Le vocabulaire formel des métabolistes s'éloigne lui aussi radicalement des formes pures des modernes. Ce lien à la biologie et à la nature s'explique par une référence aux concepts bouddhistes sur la renaissance3 (le mouvement naît en effet durant

la reconstruction du Japon) après les deux attaques nucléaires d’Hiroshima et Nagasaki en 1945).
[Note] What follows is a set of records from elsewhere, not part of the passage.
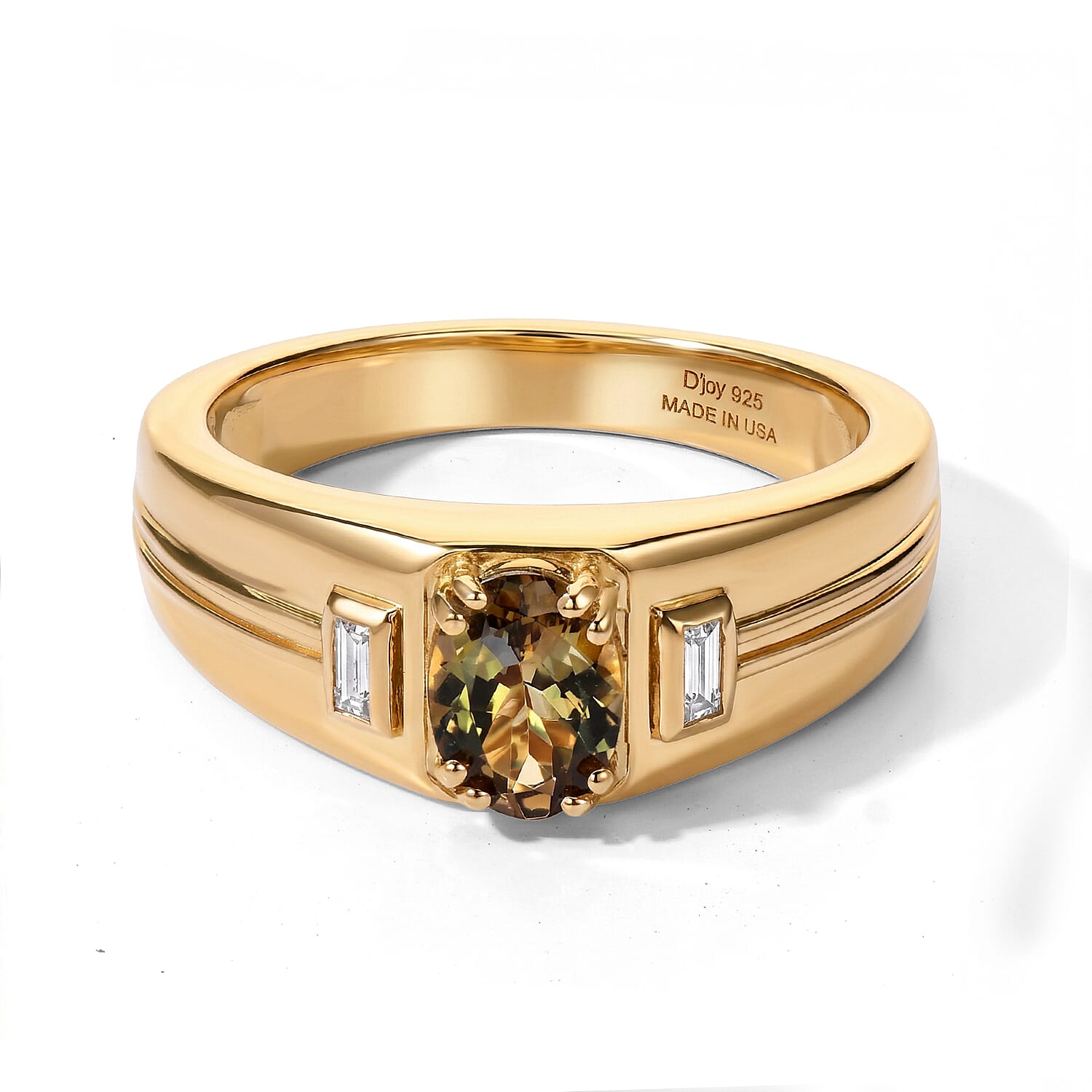 D'Joy Premium Golden Tanzanite and Moissanite 1.15 ctw Men's Ring in 18K Vermeil Yellow Gold Over Sterling Silver (Size 9.0)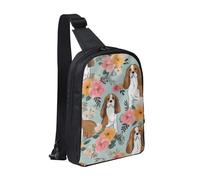 KCGSDEGV Sac à bandoulière imprimé à paillettes noires et blanches pour homme et femme, sac à bandoulière pour voyage, coureur, cyclisme, randonnée, sports, Sweet Basset Hound Florals, Taille unique
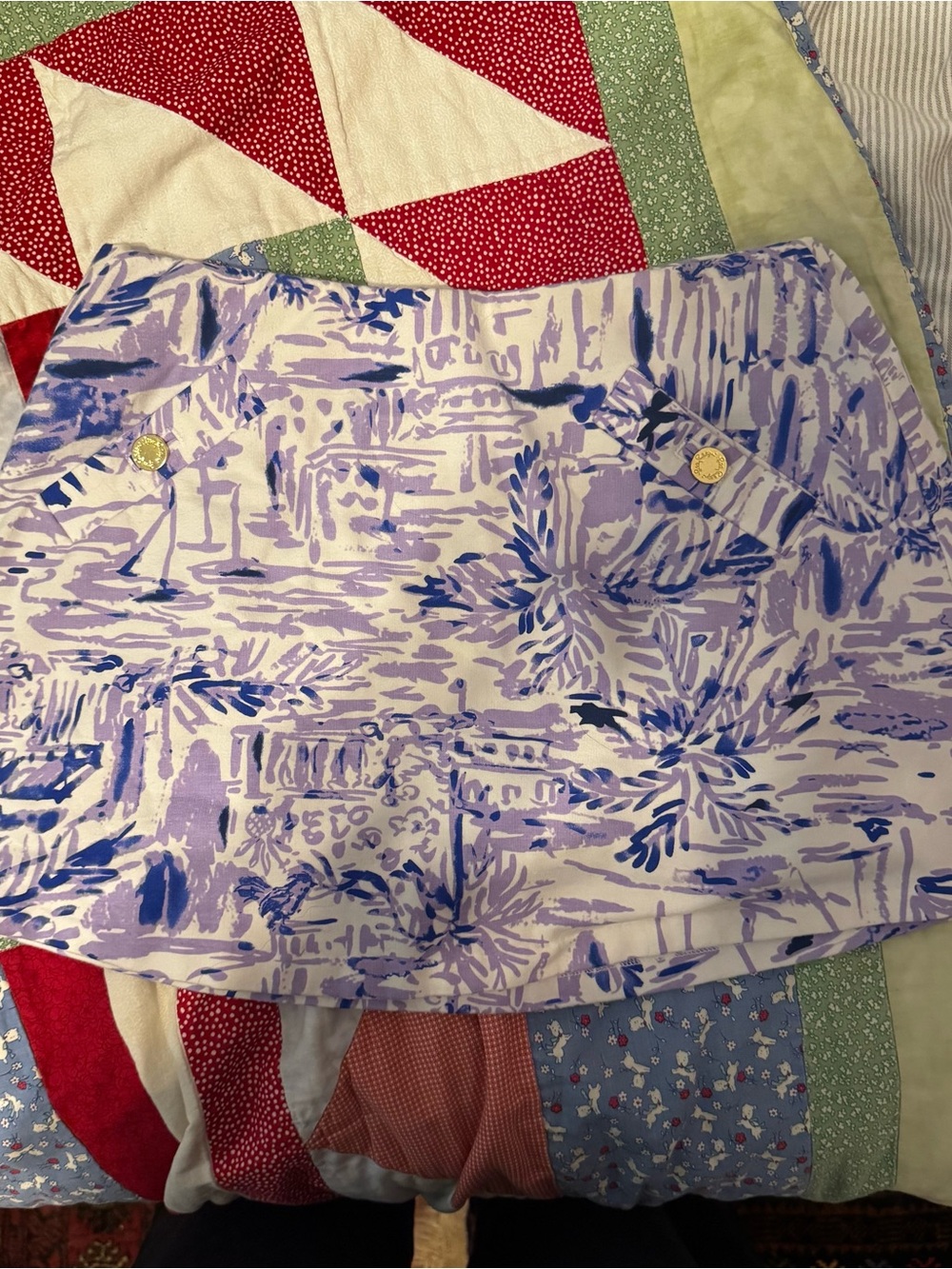 Lilly Pulitzer Purple Painterly Jersey Skort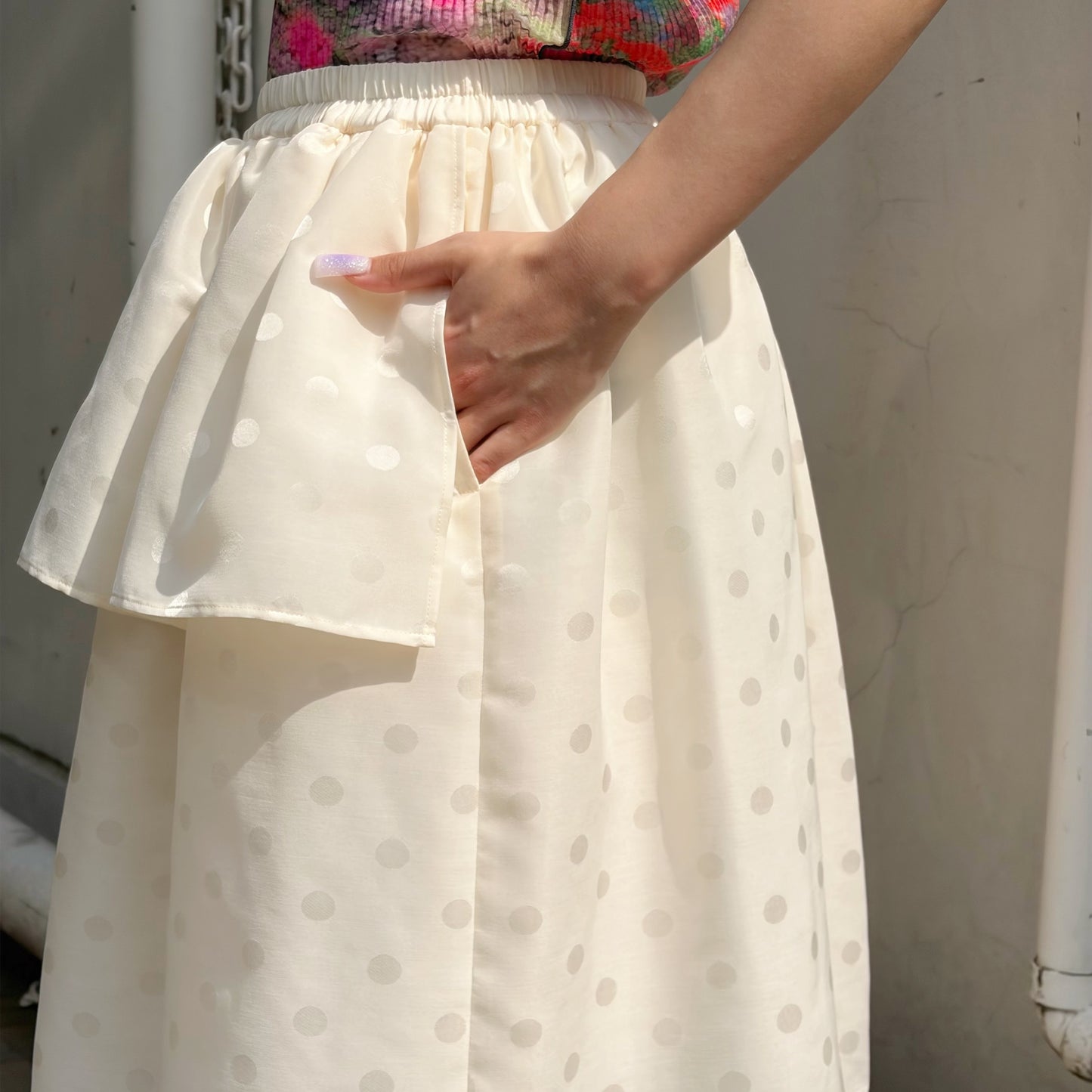 Hid dot skirt pants / FROST ECRU / キャットスカートパンツ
Le métabolisme et le structuralisme s'accordent donc sur de nombreux points dans leur critique du mouvement moderne. Kenzo Tange (influent membre du mouvement métaboliste), invité à la onzième et dernière CIAM à Otterlo, aux Pays-Bas, avait d'ailleurs présenté aux membres de la Team X deux projets théoriques de l'architecte métaboliste Kiyonori Kikutake dès 1959. Leur critique commune remet donc en question l'universalité du formalisme et la fixité des espaces créés par le mouvement moderne, au profit d'une flexibilité et d'une évolutivité permettant l'adaptation de l'architecture aux pratiques différenciées et à l'évolution temporelle.

Si l'architecture métaboliste a quasiment disparu depuis les années 1980, on retrouve aujourd'hui encore les idées du structuralisme (ou du moins les idées « structuralistes », en phase des enjeux actuels) dans l'architecture ouverte de Lacaton et Vassal, pour ne citer qu'un exemple.